I tell you what he learned. He learned how to yell back at me.

So, while in the end, I always got what I asked for, I paid a cost. Was it worth it to feel this guilt to make sure he stopped messing around in the shower or finished his homework?

But then came the Sandy Hook Tragedy

I cried for days after it happened and was shaken to my core. I felt pain for the loss of children I didn’t know. I had to stop listening to the news. I couldn’t look at the pictures of those sweet innocent children who were just 3 years younger than my own son. And when I looked at my son, I could feel the tears starting to swell up in my eyes. My nose would start to twitch with that familiar feeling of a big cry coming on.

About two weeks after the incident, something inside of me snapped. I took a good look at my behavior and how I was reacting towards my son.

We were spending a Saturday together at a busy park, and my son was trying to get my attention. I can’t remember what I was trying to do, but my son was trying to grab my arm to hold my hand. I kept swatting him away while I was doing whatever it was that was so important at the time.

And then came the aftermath. I thought about those Sandy Hook parents. How many of those parents acted like this before they dropped their kids off to school that day? How many of those parents wish they had their kids trying to get their attention?

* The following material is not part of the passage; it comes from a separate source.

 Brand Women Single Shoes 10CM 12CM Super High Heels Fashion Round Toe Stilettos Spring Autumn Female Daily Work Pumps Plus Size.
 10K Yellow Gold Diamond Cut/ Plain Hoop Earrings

I could feel my nose twitch and the tears coming up. I stopped whatever it was I was doing, and I reached for his hand.

That was the day things changed in our house.

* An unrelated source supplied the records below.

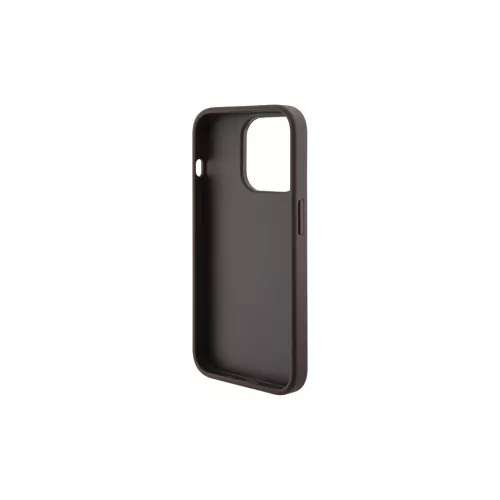 Guess Grip Stand 4G Triangle Strass keménytok iPhone 15 Pro 6.1" készülékhez barna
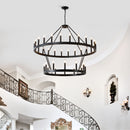 2 Tiers Wagon Wheel Chandelier Wooden Farmhouse 36 Light (24 / 12) Or (12 / 24) Metal Chandeliers 2 Story Light Fixtures Industrial For High Ceiling Living Dining Room Foyer, Adjustable Height - Black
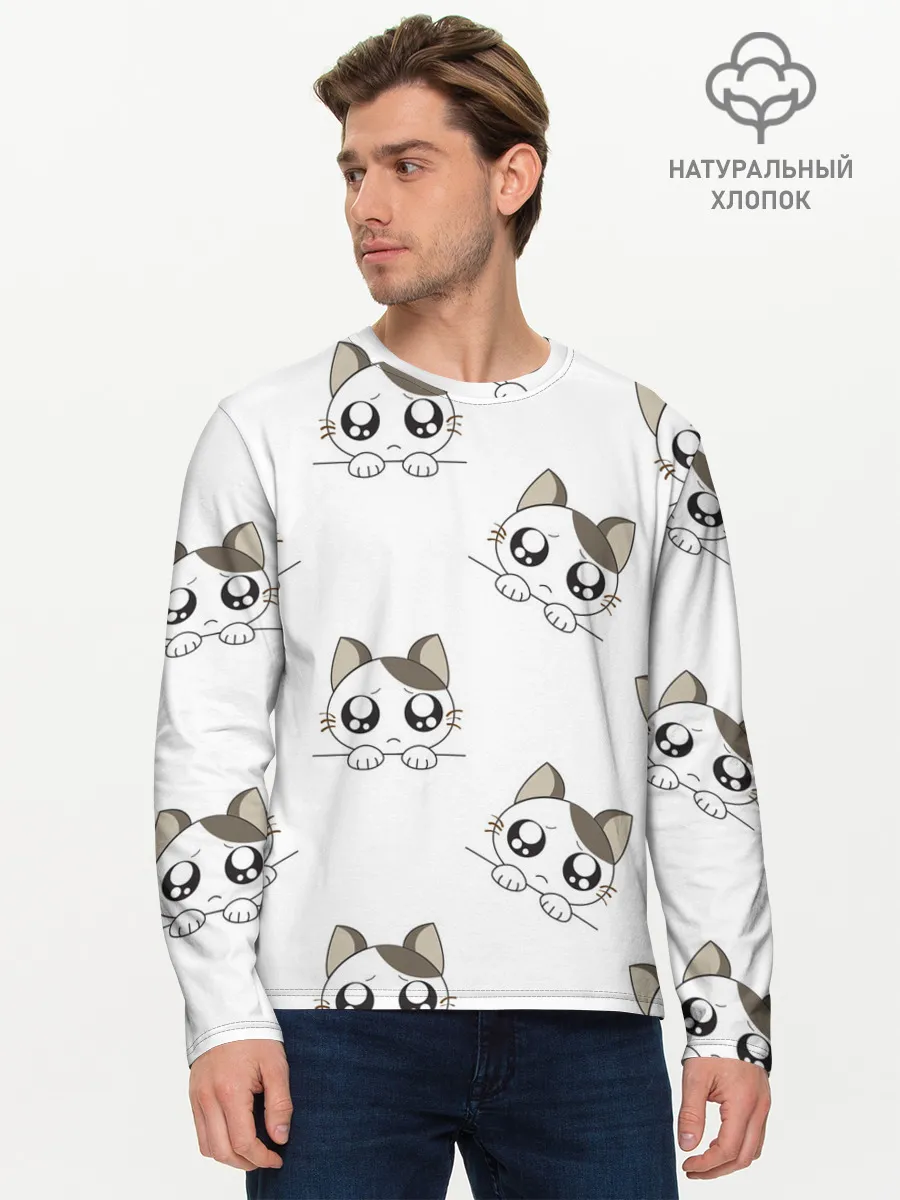 Мужской лонгслив базовый / Котята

No, that moment has not turned me into a perfect parent. I still get mad and feel like The Hulk. However, now I remove myself from the room to cool myself down before I say something I’ll regret later. And if I do find myself yelling at my son, I do my best to apologize to him immediately for my behavior.

I have come to understand the effects the Sandy Hook tragedy had on me. It’s like the father from the Expedia travel commercial said “… and in that moment I realized … that’s my boy … this is my life and I’ve only got one of each.”


Lump in My Throat

There’s a lump lodged in my throat.

The gymnasium was packed on Friday morning at my son’s elementary school in Fair Lawn, NJ. The large crowd had gathered for the annual holiday show. The show, which began at 9:00 a.m., featured each grade from K-5 performing a song to celebrate Christmas and Channukah. There was dancing and speeches as well.

Children beamed with pride as they performed the numbers that they clearly had spent time preparing. Teachers nodded with satisfaction. Family members smiled, waved, and photographed.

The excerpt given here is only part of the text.